**Collected material:**
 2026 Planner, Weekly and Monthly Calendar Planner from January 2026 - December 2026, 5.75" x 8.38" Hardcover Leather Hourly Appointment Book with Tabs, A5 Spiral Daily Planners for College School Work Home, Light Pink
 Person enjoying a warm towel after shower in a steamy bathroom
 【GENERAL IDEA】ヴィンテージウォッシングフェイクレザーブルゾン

**What is needed:** Your answer should be the full listing, copied exactly.

**Answer to the exercise:**
 2026 Planner, Weekly and Monthly Calendar Planner from January 2026 - December 2026, 5.75" x 8.38" Hardcover Leather Hourly Appointment Book with Tabs, A5 Spiral Daily Planners for College School Work Home, Light Pink
 Person enjoying a warm towel after shower in a steamy bathroom
 【GENERAL IDEA】ヴィンテージウォッシングフェイクレザーブルゾン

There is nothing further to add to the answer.